Requirement –
In the entries below, find the line containing "Type III School Bus Training - slide 1" and the line containing "2023 Ireland third". Copy those two lines and everything between them exactly, without the pictures.

Data records –
# # # # # # #

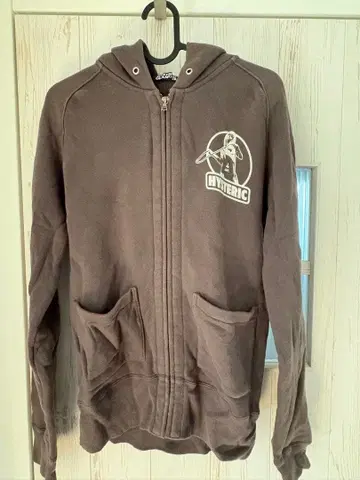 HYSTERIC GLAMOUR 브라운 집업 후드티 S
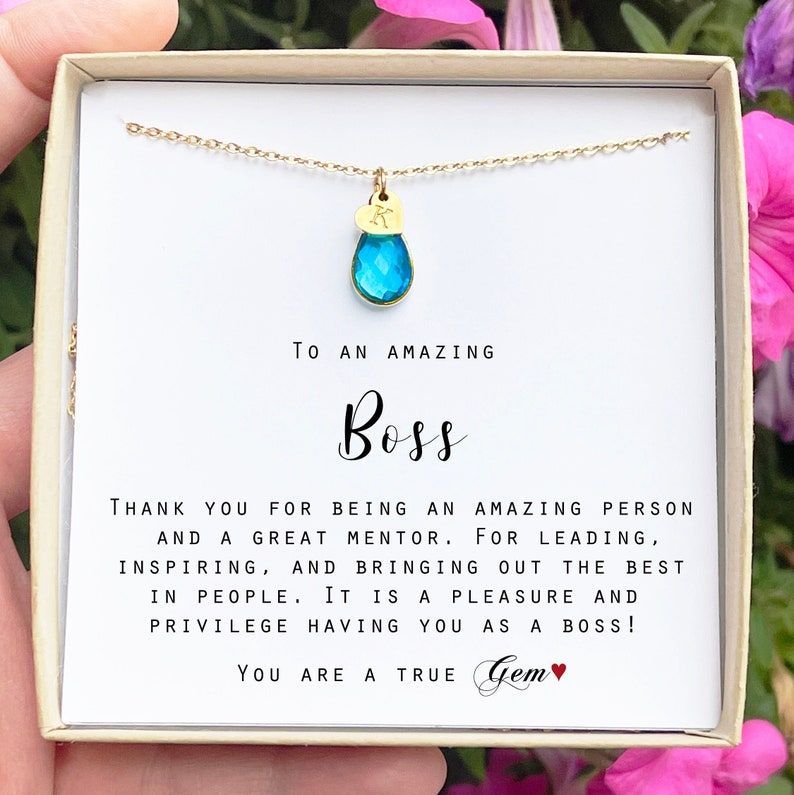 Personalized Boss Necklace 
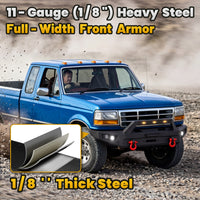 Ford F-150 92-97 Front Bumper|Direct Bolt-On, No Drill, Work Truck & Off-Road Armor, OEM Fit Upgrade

# # # # # # #

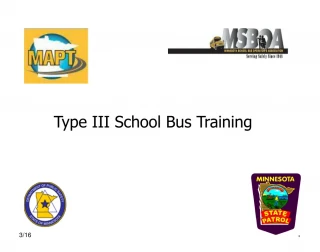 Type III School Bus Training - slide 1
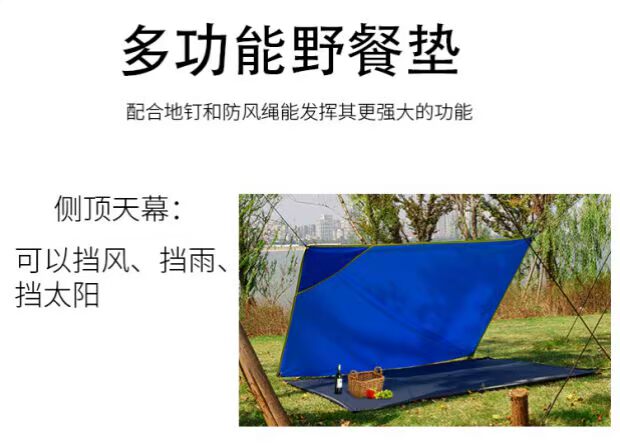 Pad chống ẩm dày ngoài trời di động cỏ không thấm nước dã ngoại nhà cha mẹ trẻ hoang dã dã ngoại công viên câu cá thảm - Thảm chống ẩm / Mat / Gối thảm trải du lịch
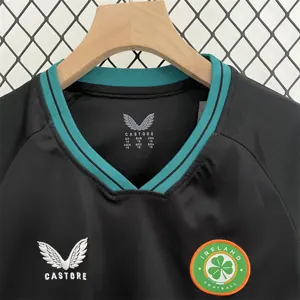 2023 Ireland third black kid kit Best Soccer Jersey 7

# # # # # # #

Expected answer –
 Type III School Bus Training - slide 1
 Pad chống ẩm dày ngoài trời di động cỏ không thấm nước dã ngoại nhà cha mẹ trẻ hoang dã dã ngoại công viên câu cá thảm - Thảm chống ẩm / Mat / Gối thảm trải du lịch
 2023 Ireland third black kid kit Best Soccer Jersey 7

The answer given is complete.